I find it fascinating that the systemic situation is still existing in the world where there are so many proof points that you point out.
One of my friends is doing a PhD thesis on the topic of TRUST and what I find fascinating is that fundamentally v capitalists are not putting their money in the right areas not because they don’t trust women. It’s because they only trust their own old world which sadly is filled with the same people and it seems that men are much more likely to go to the same old men vs. women who are trying to ideate and fight through the chaos.
Thank you for bringing this to light. It has so many angles to it and as someone who’s in the Canadian tech ecosystem I really want to take this to the next level of understanding among our incubators and accelerators that continue with this model and perpetuate the myths.
My only issue with your article that I wish you would change is a picture of Elizabeth Holmes
Yes, she was a good entrepreneur, but she was not an ethical one and went to jail —so prefer that you would’ve used another picture because sometimes when I’ve sent this article to others, people have just been turned off by her and not read it!
The biggest thing I love about this article is that is written by a man. We need to stop talking in our own echo chambers and have people of all backgrounds support this theory. It’s not for helping women it’s for making money and craving thriving businesses.

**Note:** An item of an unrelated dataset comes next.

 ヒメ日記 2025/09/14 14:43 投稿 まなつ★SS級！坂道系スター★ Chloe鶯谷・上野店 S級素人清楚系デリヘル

Personally, my bias is that the fact that we are not getting as much $$ is actually working out for us in this new world as I don’t think ventures need as much capital as before, and that mindset of being frugal and doing more with less is actually going to help women leaders in this era
but of course we need +++ support as we grow equally.
There are so many great insights here. I'll be referring to this one a lot.
If I have just one comment, it's this: It's all similarity-attraction effect. What do you expect?
"The similarity-attraction effect refers to the widespread tendency of people to be attracted to others who are similar to themselves in important respects."
If we want to level the playing field, we need more diversity in the positions of power. In the startup ecosystem, these are VCs as they control the funds.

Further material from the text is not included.